You will get a reply as some code like this : 4b2e649e-1606-4f7c-8979-ed7b649ab168

Now If u want this to be displayed in u r web page or forum.
simply giv img src=


> *www.bencastricum.nl/msn/status.php/CODE GOES HERE.png



just replace u r code there.

( but remeber to add something like i am or my msn id is before this code)

here is what u get : 
suryaprivet@hotmail.com is ---- >>>>  
*www.bencastricum.nl/msn/status.php/4b2e649e-1606-4f7c-8979-ed7b649ab168.png

if u r gettin a error at step : 3 FOLLOW THIS

 If you are getting an error "uid is not available, contact not on FL contact list" DELETE the bot you added and add a new bot. So if you added msnbot9@bencastricum.nl Change the 9 to a 11 *there are 11 bots* and repeate the last step.

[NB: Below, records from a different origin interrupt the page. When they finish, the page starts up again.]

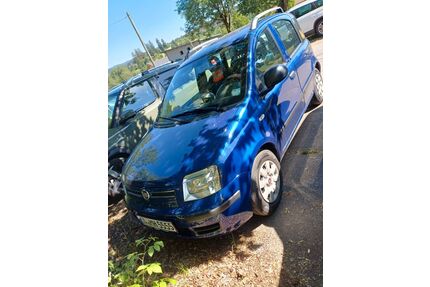 Fiat Grande Panda Gebrauchtwagen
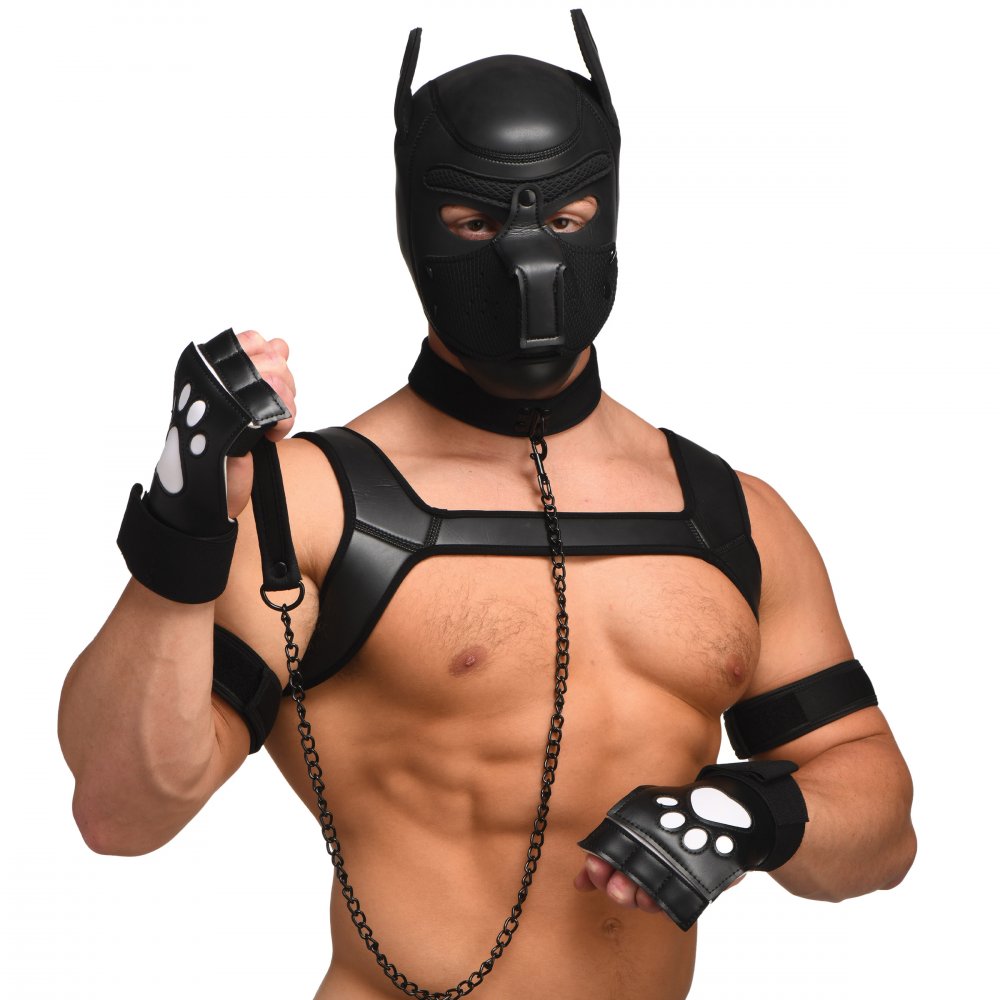 Black pet-themed face mask, chest harness, chain leash, and paw gloves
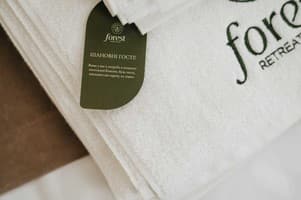 Рекреационный комплекс Forest Retreat Center. Апартаменты 6-местный Forest Пентхаус 9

This Service created by : bencastricum.nl
-----------------------------------------------------------------------------------
Now For Yahoo its ery very simple!

just add  this


> <a href="*edit.yahoo.com/config/send_webmesg?.target=YOUR YAHOO! ID&.src=pg">
> *opi.yahoo.com/online?u=YOUR YAHOO! ID&m=g&t=2</a>


!!! Remeber Change " Your Y! id "  with u r respective id.

----------------

Hope u like it!   

-- Surya


----------



## imported_sr_ultimate (Nov 15, 2005)

On Yahoo!, For a fast reply use this.



> <a href="ymsgr:sendim?YOUR YAHOO! ID">
> *opi.yahoo.com/online?u=YOUR YAHOO! ID&m=g&t=2</a>


----------



## ravimevcha (Nov 21, 2005)

really nice one. i dont know that we can also put our online status on our website.

thanks  a lot


----------



## shwetanshu (Nov 21, 2005)

thanx going on my blog


----------



## kato (Nov 21, 2005)

thanx now i have put it on my blog too


----------



## krishnathelord (Nov 22, 2005)

cool work krishnansurya


----------